Not just that the output is ~0.7V below (when high), but the gain is strictly lower. That is, even if we add back the voltage offset (using a complementary pair), the change in voltage at the output is smaller than the input:

simulate this circuit – Schematic created using CircuitLab
(Also showing an AC load, C1+R4, to approximate the load due to subsequent gate inputs or transmission lines.)
Since it's a linear circuit, we don't need to confine ourselves to square waves alone, and a triangle wave lets us see the nuance of what's going on here.

Notice the slope is more shallow at the output than the input. No matter how many we connect in a loop, loop gain is less than one, the signal decays, and it "forgets" what it was doing.
The peaks are also especially shortened, meaning we should expect extreme values to decay even quicker. Granted, such extreme values might not be typical of real RTL (resistor transistor logic) applications, that this kind of circuit might fit into. More modest logic levels are usually chosen: real RTL, DTL and TTL ICs chose values near <20% (low) and >40% (high) of VCC, give or take.
Now, you might claim that there's something unfair about this circuit, perhaps it was constructed specifically to illustrate the problem, and maybe there's another way to do it, if only we were clever enough. But if we confine ourselves to three premises,
- Resistive input (Thevenin equivalent source)
- Common-collector (or drain) amplifier, with any emitter bias network having positive real impedance
- Resistive output (Thevenin equivalent load)
- Well-behaved input and output impedances: preferably R || C or R + L equivalents, and preferably with Zin large, and Zout small
then we will always and only have gain less than 1.
In particular, we might further stipulate that the input characteristic should match the output, give or take a ratio, because we will never have a source impedance less than a single pin driver of the same gate technology, and it can be higher due to fanout (multiple inputs loading a single output, each input sees effectively a larger source impedance).
We could consider modifying some of these assumptions. We could even, in principle, modify the device itself in some way:
- A negative resistance bias network might afford gain slightly above one (for the same reason that a positive resistance causes gain slightly below one)
- If we break the collector connection from GND/VCC, we can obtain inverting gain from it, and connect another inverter to make higher positive gain
- Early effect (i.e., the collector-output incremental characteristic) causes gain reduction, in a similar way to emitter load resistance; if it can be controlled by design parameters, perhaps it can be made very high or indeed negative. Some devices come close: SiGe HBTs, IIRC, have, or can have, negative Early voltage.
We could further allow additional stages in the circuit, or feedback to the input (which won't play well with fanout, or connecting long transmission lines to it; that is, making Zin negative -- ill behaved), but we can't go anywhere without adding stages, or making things harder to use.

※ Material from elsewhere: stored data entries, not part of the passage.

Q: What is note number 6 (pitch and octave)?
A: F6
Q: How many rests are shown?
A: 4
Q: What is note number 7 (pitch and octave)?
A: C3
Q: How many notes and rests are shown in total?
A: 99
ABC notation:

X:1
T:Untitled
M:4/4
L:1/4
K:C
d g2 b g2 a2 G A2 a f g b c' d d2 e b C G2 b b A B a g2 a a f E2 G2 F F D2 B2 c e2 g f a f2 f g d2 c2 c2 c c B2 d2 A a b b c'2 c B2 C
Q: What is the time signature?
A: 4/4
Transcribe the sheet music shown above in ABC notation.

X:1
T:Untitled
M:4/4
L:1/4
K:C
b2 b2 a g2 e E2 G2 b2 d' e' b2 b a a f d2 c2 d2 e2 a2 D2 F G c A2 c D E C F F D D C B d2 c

There is one hope: if we allow transformers as passive components, and concern ourselves strictly with the number of transistors or other nonlinear / active / semiconductor devices, then at least at AC, we can obtain positive feedback (for example between C and E, effectively making a common-base amplifier with respect to the feedback path), and at least over whatever frequencies we count as "AC", we can obtain bistability. This would be, I guess, a lot like dynamic RAM, but magnetic in nature, and instead of leakage current decaying the bit values over time, we get flux accumulating in the transformer over time, which will again have to be reset periodically.

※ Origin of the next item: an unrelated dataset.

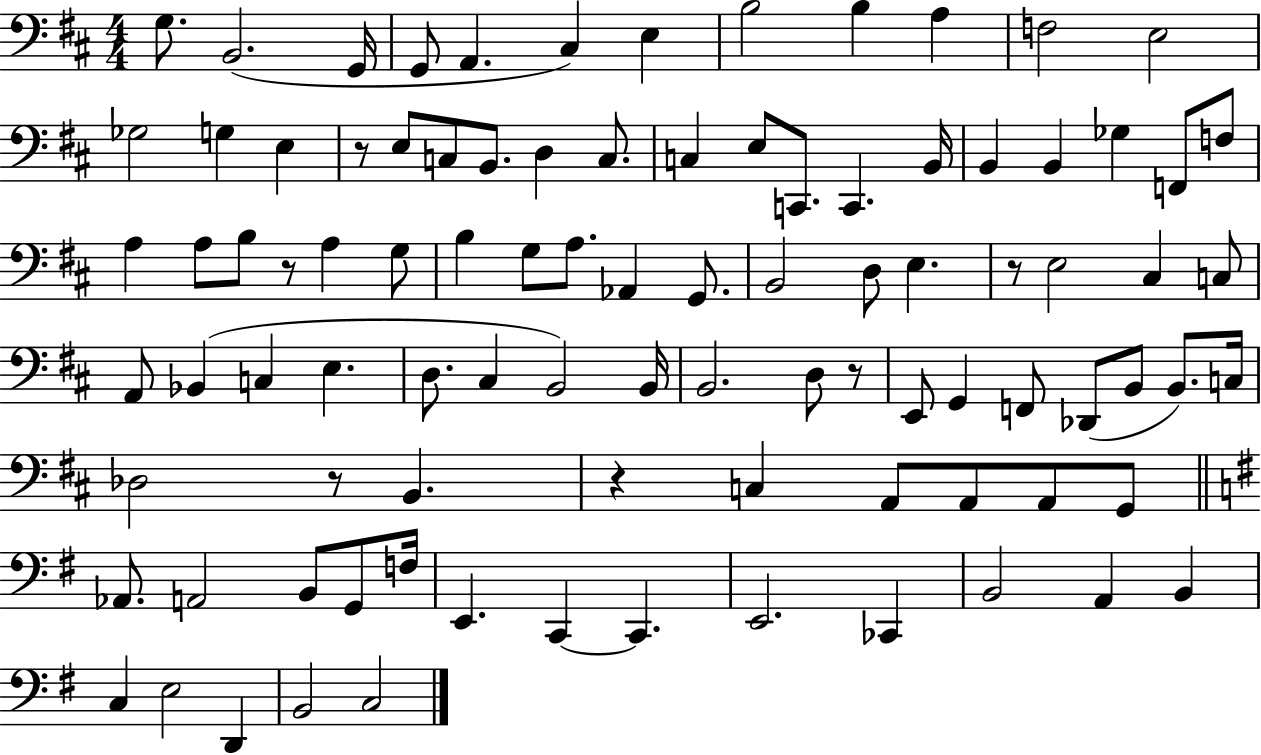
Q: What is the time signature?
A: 4/4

We can model an ideal transformer in SPICE, and, I guess I should add that as example to illustrate -- but, true DC transformers aren't exactly trivial in the real world, so it certainly fails in practical terms. (There are a few other practical reasons why transformers don't integrate well, or, at all really, and hence we use capacitors in DRAM.)
The most basic example, as a real circuit, is the blocking oscillator. It's either triggered and conducting (accumulating flux in the transformer), or off. Real transformers can't handle unlimited flux, so the real thing is at best monostable: it can be triggered, then latches on for some time, before turning off.
We might also consider the alternative restriction, the one-transistor memory cell.
I won't go into others here, but since I've brought up transformers, there's an esoteric, but mostly silly, case that could apply:
You can use a single transistor as a negative-resistance element, and make it oscillate multiple resonant tanks at once. Then, introduce some... injection locking, perhaps? Do it such that the phase of each resonant circuit becomes bistable, thus storing, in fact, multiple bits per single active device, in sync with some clock frequency (and harmonics thereof).
But, this is a huge pain in the butt, and needless to say, very hard to make one circuit stable, let alone a computer's worth of them! :)
(Multi-resonant oscillators did, in fact, get brief application: IIRC, early DTMF phones used such an arrangement, in the early days where transistors were still more expensive than the array of transformers/coils/capacitors required to implement, but cheaper than trying to make a vacuum tube that could somehow be powered by phone line bias alone.)